→ PROBLEM STATEMENT: Give back the exact lines of the material below from the one containing "Detaillierte Architektur von" through the one containing "OUGES Maternity Maxi", and no pictures.

→ SUPPLIED DATA:
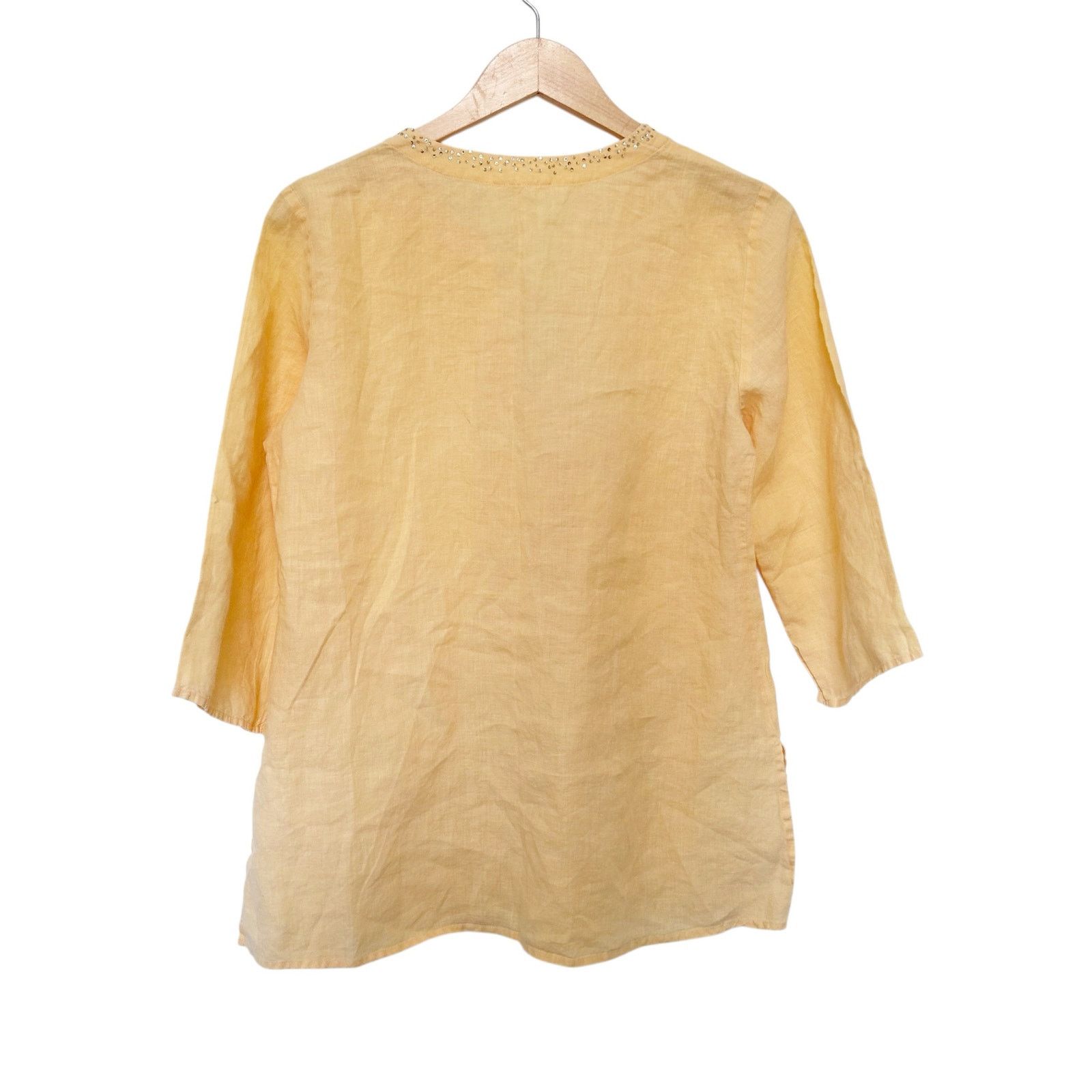 Eileen Fisher Eileen Fisher Yellow 100% Irish Linen Split Neck Top Sz S Size S / US 4 / IT 40 - 5 Thumbnail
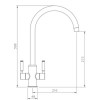 Rangmaster Intense Brushed Copper Twin Lever Kitchen Mixer Tap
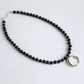 Crescent Moon Choker Necklace | Blue Tiger's Eye Gemstone and Silver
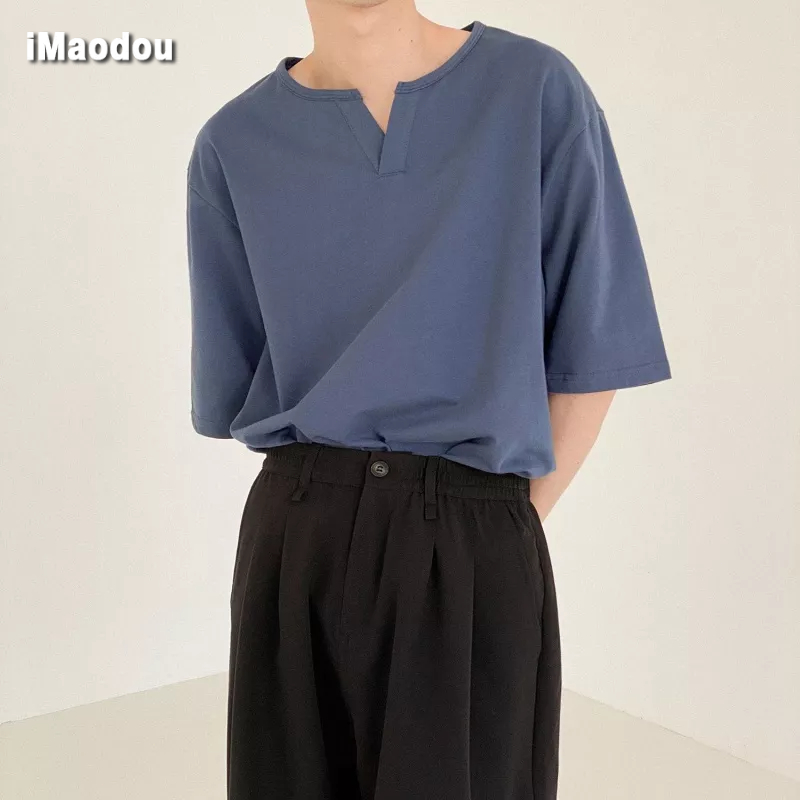 Áo Thun Nam Tay Ngắn Cổ Chữ V Màu Trơn Phong Cách Hàn Quốc Thời Trang Mùa Hè Mới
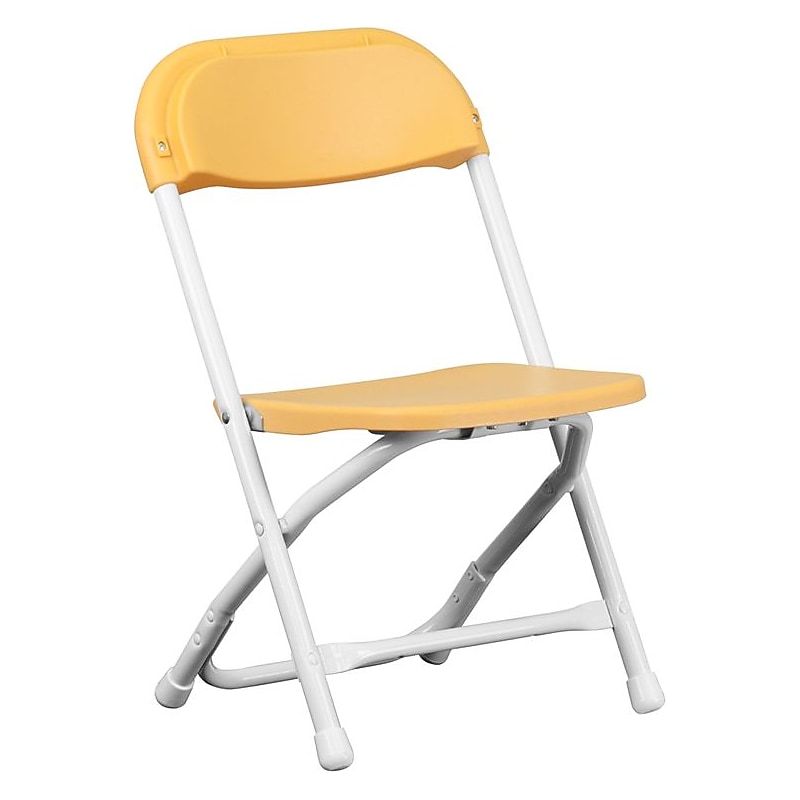 Flash Furniture Kids Plastic Armless Folding Chair, Yellow, 40/Pack (40YKIDYL) image 1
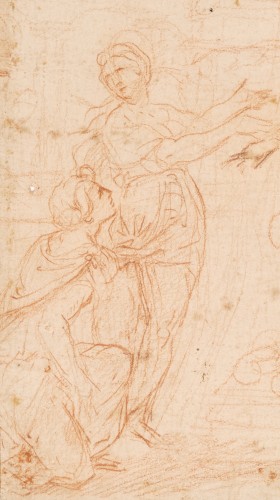 XVIIe siècle - Etudes pour le Jugement de Salomon, une sanguine de Simone Cantarini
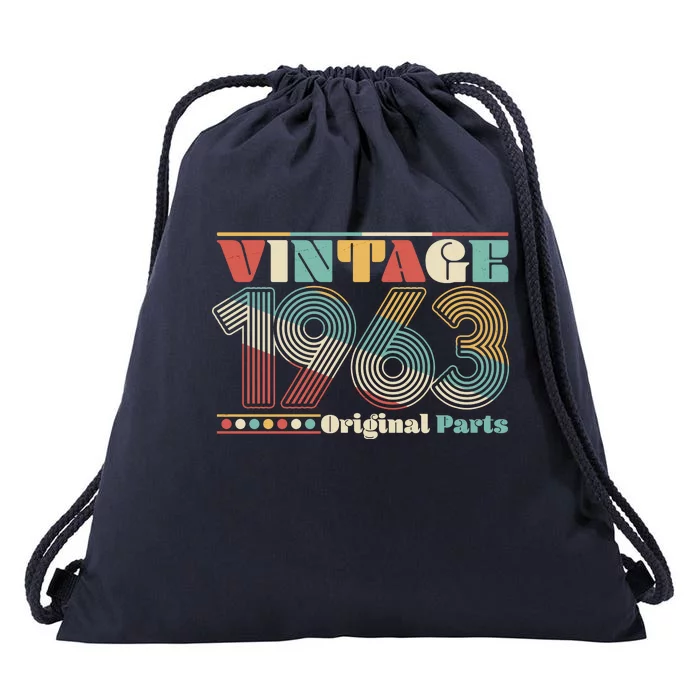 Retro 60s 70s Style Vintage 1963 Original Parts 60th Birthday Drawstring Bag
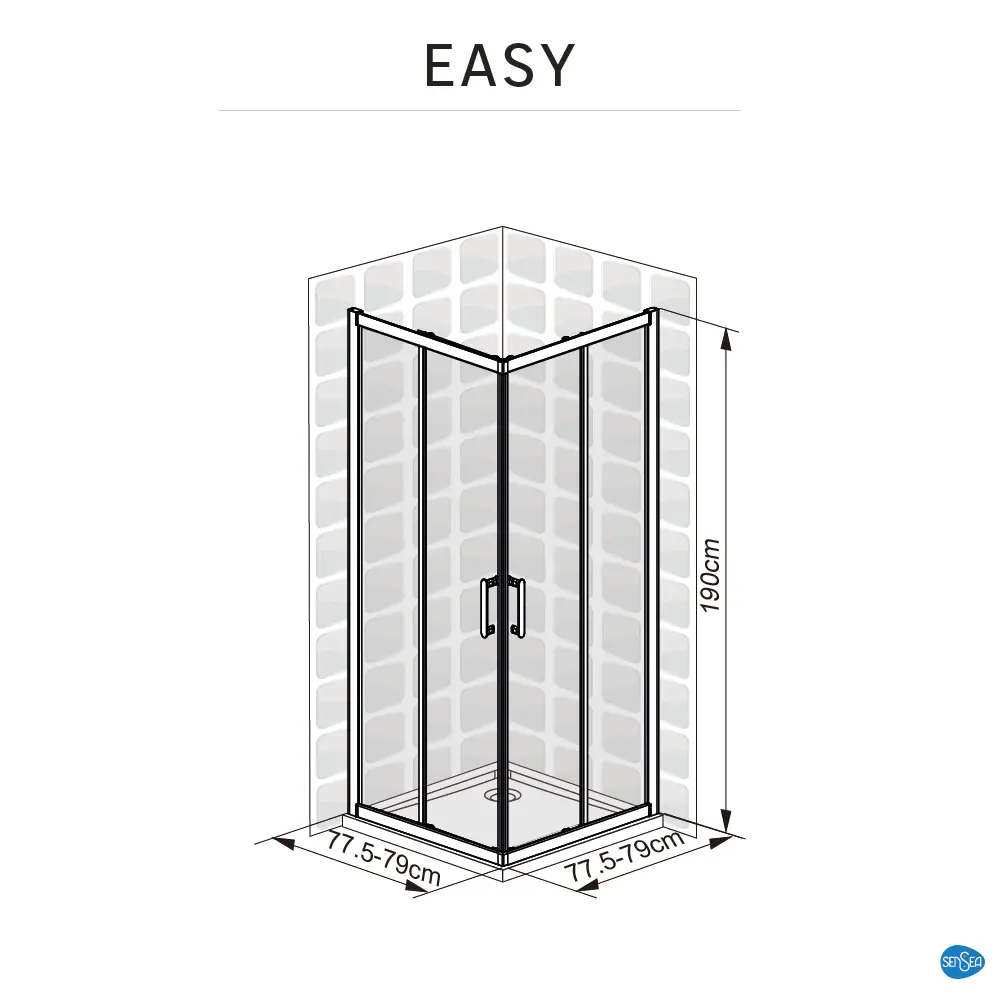 Комплект стекол для душевой ширмы Sensea Easy 80x80 см прозрачное стекло цвет профиля на выбор 88103662 STLM-2135993 - Вид №25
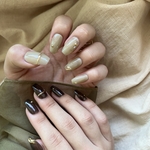 【大人気🤎アシメsimple〻】 ブラウン×くすみグリーンニュアンスネイルチップ
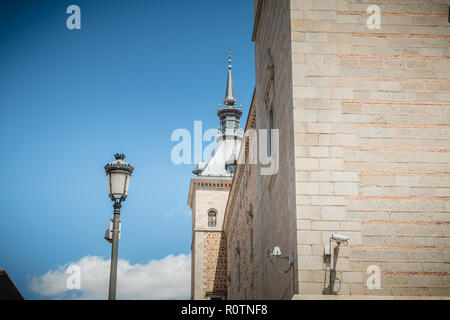 Detaillierte Architektur von Alcazar de Toledo, Weltkulturerbe der UNESCO in Spanien Stockfoto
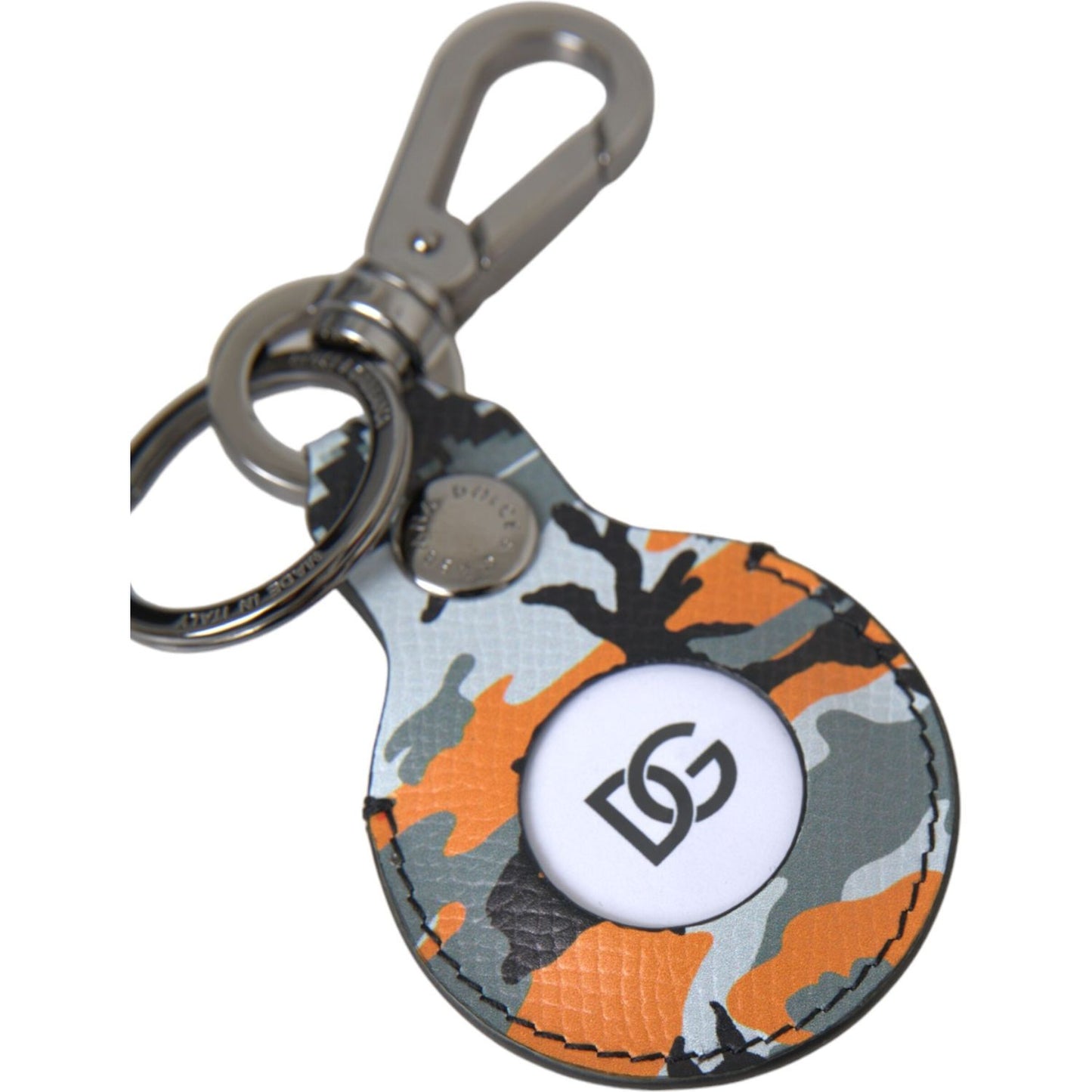 Camouflage Leather DG Logo Round Metal Keyring Keychain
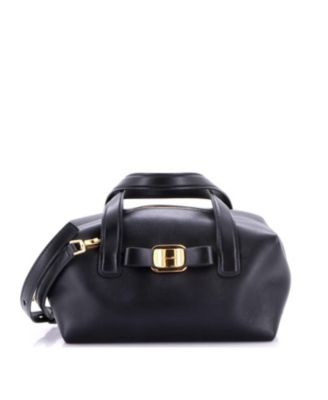 Pre-Owned Salvatore Ferragamo Mini Vara Plate Convertible Bowling Bag Leather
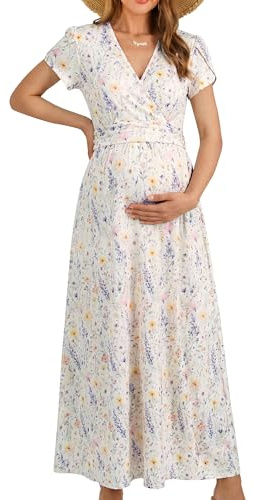 OUGES Maternity Maxi Dress Wrap Baby Shower Pregnancy Dresses for Photoshoot Maternity Outfits Summer Clothes 2026(White Purple Flower,L)
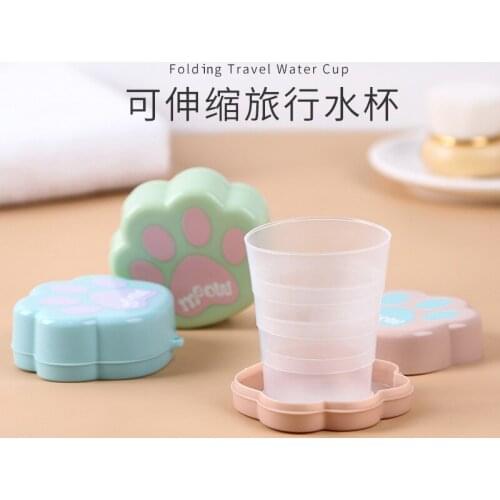 3099 cats paw cup telescopic folding cup creative cartoon plastic cup travel portable cup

→ RESPONSE AREA:
 Detaillierte Architektur von Alcazar de Toledo, Weltkulturerbe der UNESCO in Spanien Stockfoto
 Camouflage Leather DG Logo Round Metal Keyring Keychain
 Pre-Owned Salvatore Ferragamo Mini Vara Plate Convertible Bowling Bag Leather
 OUGES Maternity Maxi Dress Wrap Baby Shower Pregnancy Dresses for Photoshoot Maternity Outfits Summer Clothes 2026(White Purple Flower,L)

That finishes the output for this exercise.